Article mis en ligne le 14 août 2023
par F.G.
■ L’historienne Nicole Racine (1937-2012) fut sans doute, parmi les analystes de son temps, l’une des plus subtiles expertes de la gauche intellectuelle française de la première moitié du XXe siècle, de ses revues, de ses cénacles, des compagnons de route qui la fréquentèrent et des dissidences qui l’animèrent. Très engagée, par ailleurs, auprès de l’équipe de Jean Maitron et de ses successeurs dans l’aventure éditoriale du Dictionnaire biographique du mouvement ouvrier, elle en fut une contributrice inlassable.
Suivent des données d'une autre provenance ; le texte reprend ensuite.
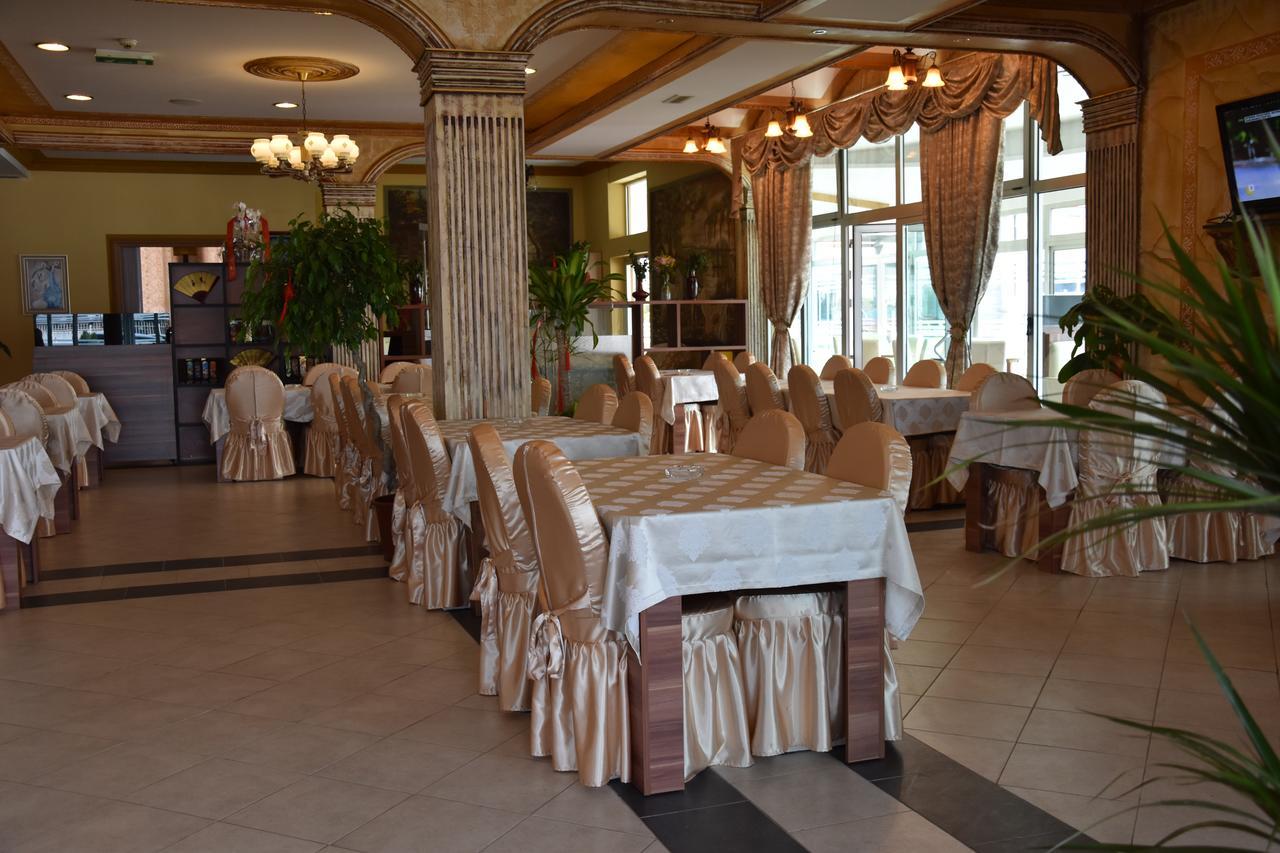 Hotel & Restaurant Great Wall - Airport Сараево Экстерьер фото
Initialement publiée dans le numéro 8 – 1990, pp. 73-97 – de Mil neuf cent, « revue d’histoire intellectuelle », sous le titre « Victor Serge : correspondance d’URSS (1920-1936) », cette étude atteste largement, nous semble-t-il, de ses qualités premières : la rigueur méthodologique, la finesse analytique et la passion pour l’histoire.
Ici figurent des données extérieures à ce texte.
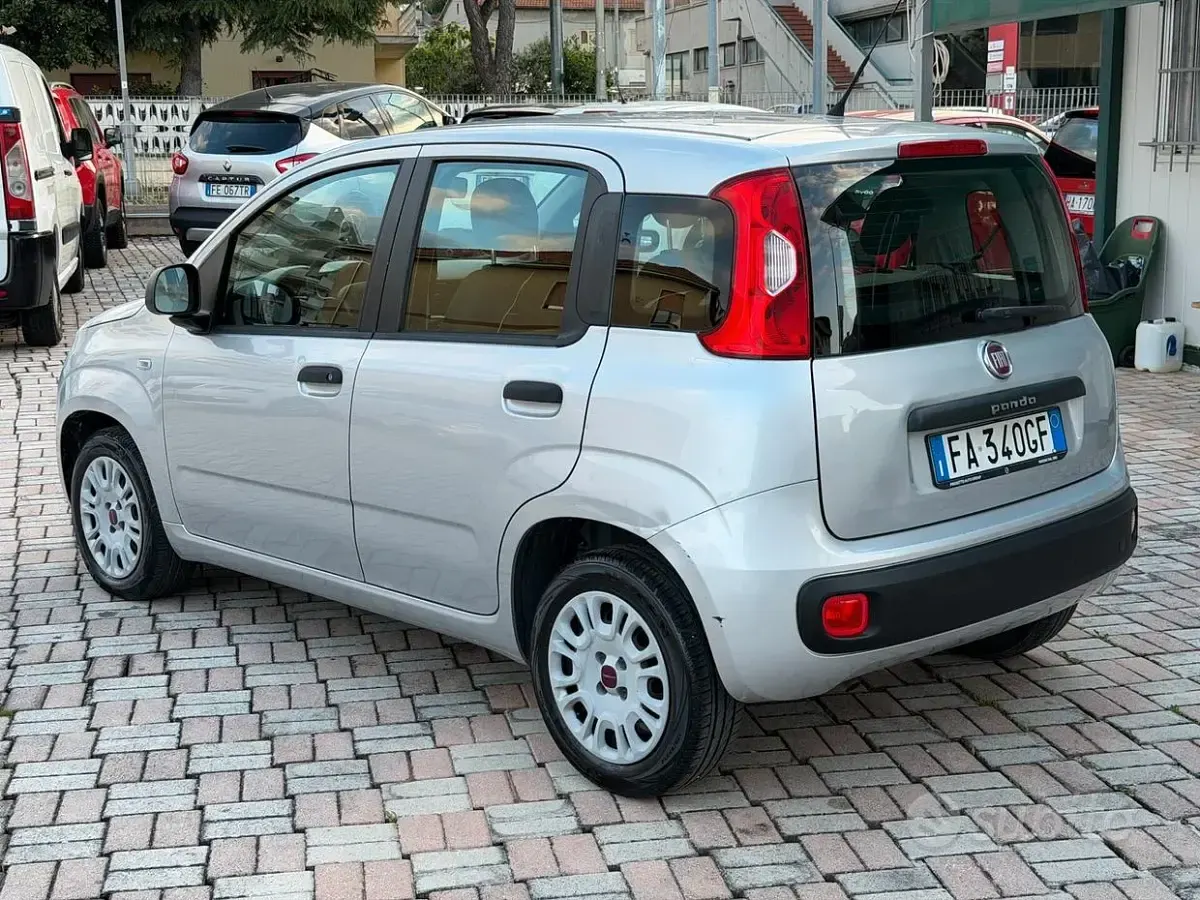 Usado Fiat Panda Easy 69 HP (50 kW) 2015 Cinzento Citadino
Arrêté en mars 1933, relégué sans jugement à Orenbourg dans l’Oural, cinq ans après avoir été exclu comme membre de l’Opposition de gauche du parti communiste où il militait depuis son arrivée en Russie révolutionnaire en 1919, Victor Serge, écrivain de langue française (il était né en Belgique en 1890 d’un couple d’exilés russes), de nationalité soviétique, dut à sa notoriété de militant et d’écrivain dans les milieux français de la gauche et de l’extrême gauche d’être sauvé de l’oubli et de la mort. Après une campagne d’opinion qui dura trois ans, il fut libéré en avril 1936, expulsé d’URSS et privé de sa nationalité soviétique. Les liens qu’il avait pu maintenir avec des militants et des intellectuels français permirent à ces derniers, grâce à l’appui d’André Gide, de poser le « cas Serge » sur le devant de la scène, notamment lors du Congrès international des écrivains pour la défense de la culture, tenu à Paris en juin 1935. Ce fut grâce à ses correspondants que Serge dut de ne pas devenir un mort vivant, comme tant d’autres déportés.
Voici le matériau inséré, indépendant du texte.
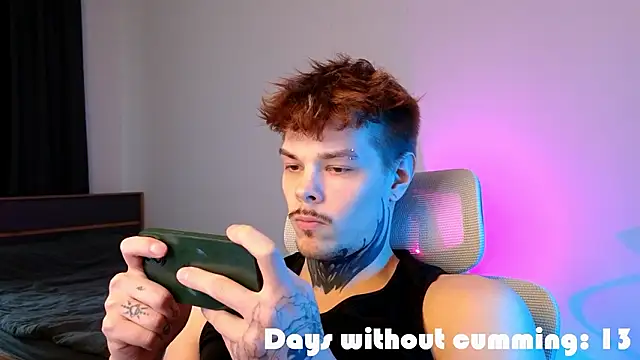 DENIS_HERE webcam show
Si aucune des lettres reçues par Victor Serge durant sa période soviétique ne nous est parvenue (les archives personnelles de Serge lui furent confisquées à sa sortie d’URSS), nous disposons de cent dix lettres ou cartes postales qu’il envoya à Marcel Martinet, de soixante-huit lettres ou cartes postales à Henry Poulaille et de deux lettres à Jean-Richard Bloch. La correspondance de Serge à Romain Rolland semble avoir été perdue ou peut-être détruite.
Les correspondances qui ont été conservées permettent d’éclairer une des fonctions qu’elles remplissent lorsqu’elles sont le seul moyen de faire entendre des voix interdites.